I was lucky enough to be taught how to make pasta by the amazing Gennaro Contaldo (http://gennarocontaldo.com) who makes it look like child's play, he is a genius! 

However, you don't need a master-class from a celebrity chef to make this dish, you can make pasta at home very easily, this recipe I dreamed up on route back from one of the weddings I recently attended, it would be ideal as a starter for a dinner party, I love leeks and this simple combination is a great showcase of this often overlooked vegetable. 

Ingredients (makes 6 large ravioli, for 2 people)
Pasta: 2 whole eggs + 1 additional egg yolk, 200g '00' plain flour.
Filing: 2 spring onions, 2 medium size leeks (washed and trimmed), 1/2 ground nutmeg, salt and pepper to taste, 1/2tbsp butter, drop olive oil. 
Sauce & topping: 2tbsp unsalted butter, 1/2 fresh lemon juiced,  2 slices fresh white bread crumbs, 1tbsp olive oil, few leaves of sage, 1 tbsp crushed hazelnuts, salt & pepper to taste.

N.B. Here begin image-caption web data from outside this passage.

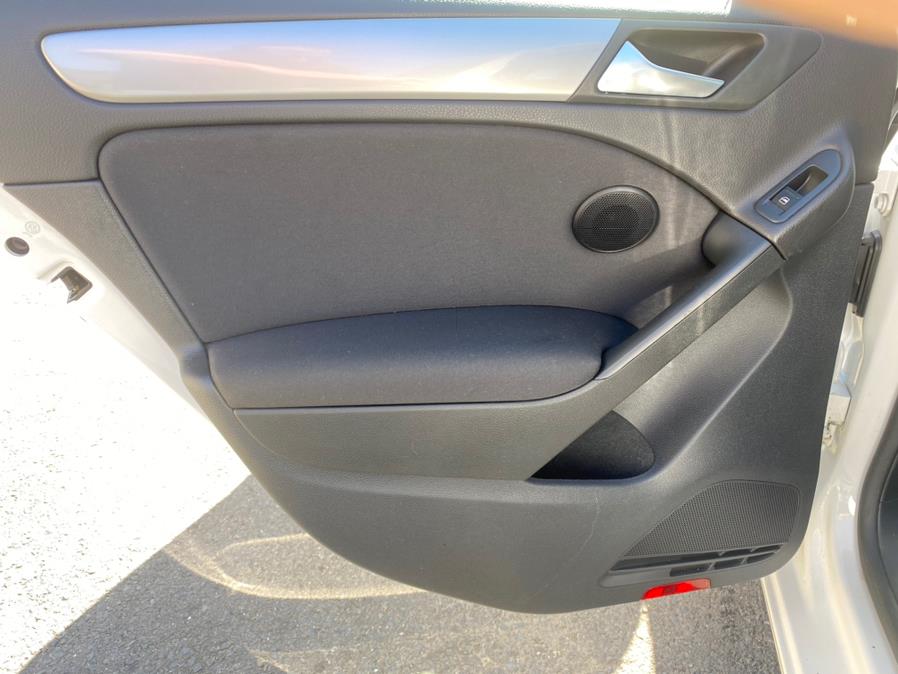 Used Volkswagen Golf 4dr HB Auto PZEV 2012 | Lava Motors 2 Inc. Canton, Connecticut Used Volkswagen Golf 4dr HB Auto PZEV 2012 | Lava Motors 2 Inc. Canton, Connecticut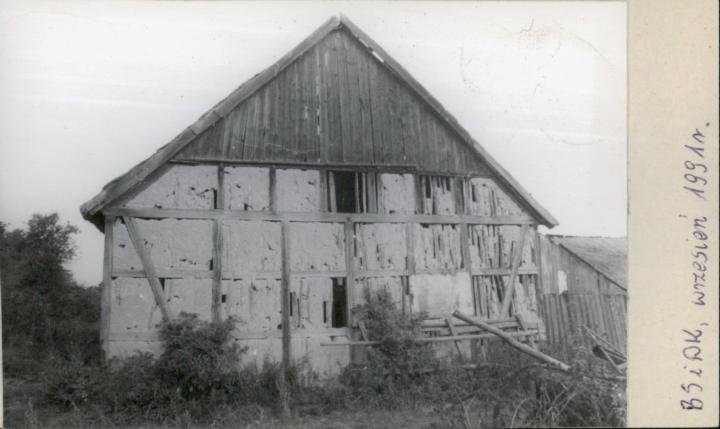 stodoła, skan 2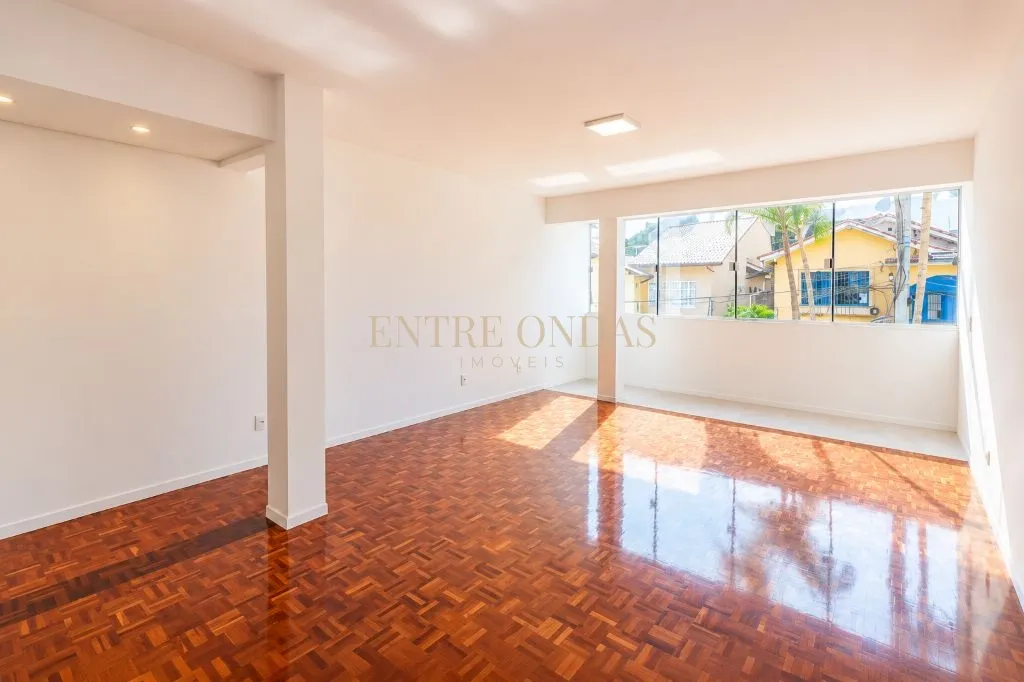 Washing machine in a 3-bedroom apartment, 140 m² — photo 10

To make the pasta mix the eggs and flour until it comes together to form a stiff dough. Kneed on a flat surface until it becomes a smooth ball. (If it's too dry you may need to add a couple of teaspoons of beaten egg, and if it's too wet a little extra flour).

Once it forms a smooth ball wrap well in cling film and chill in the fridge for 30 mins.

While the pasta is chilling, finely slice the spring onion and leeks and add to a large pan, on a medium heat, with the butter and oil. 

Take a square of grease proof paper and fold in to quarters and then once again, hold the point in to the centre of the pan and cut with scissors to create a disk which fits your pan diameter. (This is called a cartouche). Cover the leeks with it, pressing gently, put a tight lid on the pan, turn the heat right down and leave for 30 minutes. Once cooked add the grated nutmeg and salt and pepper to taste and stir well, don't worry if the leeks have gone golden and gooey, as long as they are not burned this is all gorgeous flavour! 

When the pasta has chilled take it out of the fridge and use a rolling pin to start to flatten it. If you are using a pasta machine put it through on the largest setting and keep folding the pasta and passing it through, gradually letting the settings get smaller until a thin sheet is formed. If you are using a rolling pin, keep folding the pasta and rolling thinner until a thin sheet is formed. Use a scant amount of flour to prevent sticking as you go. 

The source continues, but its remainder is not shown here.